SPAM is THE four-letter of IT. Nothing makes users, developers and IT managers more annoyed than filtering this frivolous data coming into their systems. SPAM as it relates to email has some really good utilities that can limit a large amount of the unwanted messages while having relatively low false positive and false negative rates. Most of these utilities are so mature that you simply install them, configure a few settings and generally forget about it, with the filter taking care of everything.
Comment or Form Spam, on the other hand, does not have a drop-in type solution because of the level of integration a form has within the larger system. The field types and names of each form vary drastically when compared to the MIME headers of an email. Drop-in solutions have been attempted for form spam, however they often have limited success when they are run independent of more integrated methods.
The various form spam prevention methods can be grouped into one of 10 general categories.
Field Specificity & Validation
Field specificity and absolute validation of the replied values should be the first level of defense. Whenever a public form is created, you create the inputs with as much specificity as possible, when validate strictly against this specificity. The HTML5 specification has made this much easier with the expansion of the types of input fields.
Request & Response Header Validation
Taking a step back from the HTML side is the validation of the HTTP header of the request for the form html and the associated headers of the response to posting the form values. Running some basic checks of the HTTP headers can provide an early warning to the presence of a spambot.
Honeypots are a concept taken straight from email spam prevention and come in 2 types: honey pot fields and honey pot forms. Honeypots are basically a very tempting submission location that should never receive real data. Any submissions to the honeypot are automatically labeled as spam.
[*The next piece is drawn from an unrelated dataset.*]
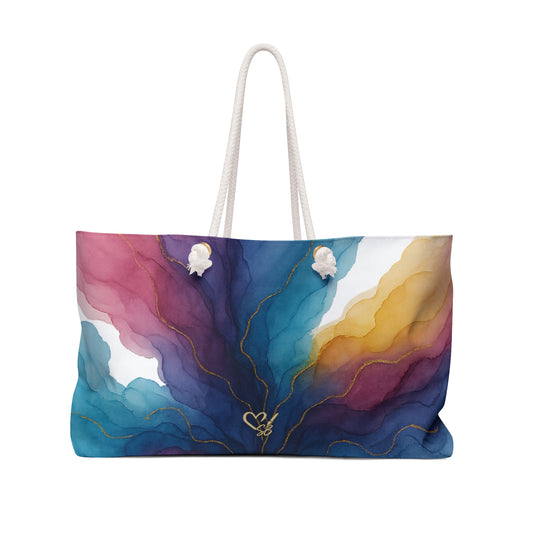 Gloria weekender bag front view – colorful watercolor teal amethyst and gold vein travel tote by the Soulful Brush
Humans are inherently slower than computers when it comes to reading and filling out a form. Even simple login forms where everything is auto-completed and you just have to click the “login” button takes a second, while a computer can do it in milliseconds. More complex forms require even more time to for a human to read, understand and complete. Recoding the timestamp of the form request and requiring the response to occur with a set range makes the automatic completion of the form more expensive for a spambot.
Request Based Field Names
Merging the underlying concepts behind honey pot fields, form expirations and dynamic fields creates request based field names. In this situation, every request has a unique set of field names, and the field names are validated against the source of the request. If the field names have been reused, the submission is deemed spam. This requires every submission of the field to be fetched individually, which often isn’t the case in spam bots. The parsing of the HTML requires significant processing power (from a computer or person) and would limit the cost effectiveness of spam, whose value proposition is often based upon volume.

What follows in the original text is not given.